Auteur de plusieurs articles, ouvrages et contribution, La tarentelle noire, son premier roman permet de rendre compte de la situation d’une manière moins formelle et à un public plus vaste. Interview.
Si tu veux survivre, tu reportes les coûts où tu peux, c’est-à-dire sur ceux encore en dessous de toi dans l’échelle du rapport de force sociale.
Migrations et dérives de l’industrie agroalimentaire : rencontre avec Marc-Antoine Frébutte
Marc-Antoine, qui êtes-vous ?
Lillois de naissance, je suis diplômé en géographie de l’université de Zurich. Mon intérêt pour les phénomènes migratoires m’a amené à voyager aux quatre coins du monde pour conduire des recherches (Italie, Serbie, Canada, Autriche,…), et m’a permis de me pencher plus spécifiquement sur le cas des travailleurs migrants dans l’agro-industrie dans le sud de l’Italie, thème principal de ce roman.

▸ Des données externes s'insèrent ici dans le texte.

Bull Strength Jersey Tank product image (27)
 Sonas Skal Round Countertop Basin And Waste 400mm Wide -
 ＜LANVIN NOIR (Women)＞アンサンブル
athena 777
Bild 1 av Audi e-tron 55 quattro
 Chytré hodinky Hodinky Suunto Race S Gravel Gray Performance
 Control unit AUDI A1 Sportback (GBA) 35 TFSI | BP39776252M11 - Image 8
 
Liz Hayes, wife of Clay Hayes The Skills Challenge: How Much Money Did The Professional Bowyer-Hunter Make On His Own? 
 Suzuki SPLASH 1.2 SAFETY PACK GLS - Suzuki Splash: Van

Vous êtes l’auteur de plusieurs publications scientifiques, pourquoi un roman ?
Mes recherches m’ont amené sur différents terrains et m’ont permis de travailler sur des situations complexes, ce qui est particulièrement intéressant. Mais en général, les publications scientifiques touchent un public très limité, travaillant également sur le sujet. Pourtant, ces recherches m’ont permis de rencontrer des personnes atypiques aux vies incroyables. Ce roman répond au besoin de raconter l’histoire d’un individu pour sortir de cette impression d’ensemble, souvent anonyme, autour du processus migratoire. L’idée de ce roman est aussi venue de la volonté de « vulgariser » mes recherches pour informer un plus large public de la situation catastrophique de notre modèle agricole actuel, et des conditions de travail et de vie indignes de ces travailleurs migrants qui en découlent.
Vous êtes-vous inspiré de rencontres réelles pour façonner vos personnages ?
Oui, mes personnages sont issus de rencontres réelles. En quelque sortes, Issa, le personnage central de mon roman, est une mosaïque des personnes rencontrées lors de mes recherches en Italie et de leurs différentes trajectoires. Évidemment, le tout est romancé, concentré, pour inclure les personnages dans le contexte italien et ne pas perdre le lecteur dans trop de détails.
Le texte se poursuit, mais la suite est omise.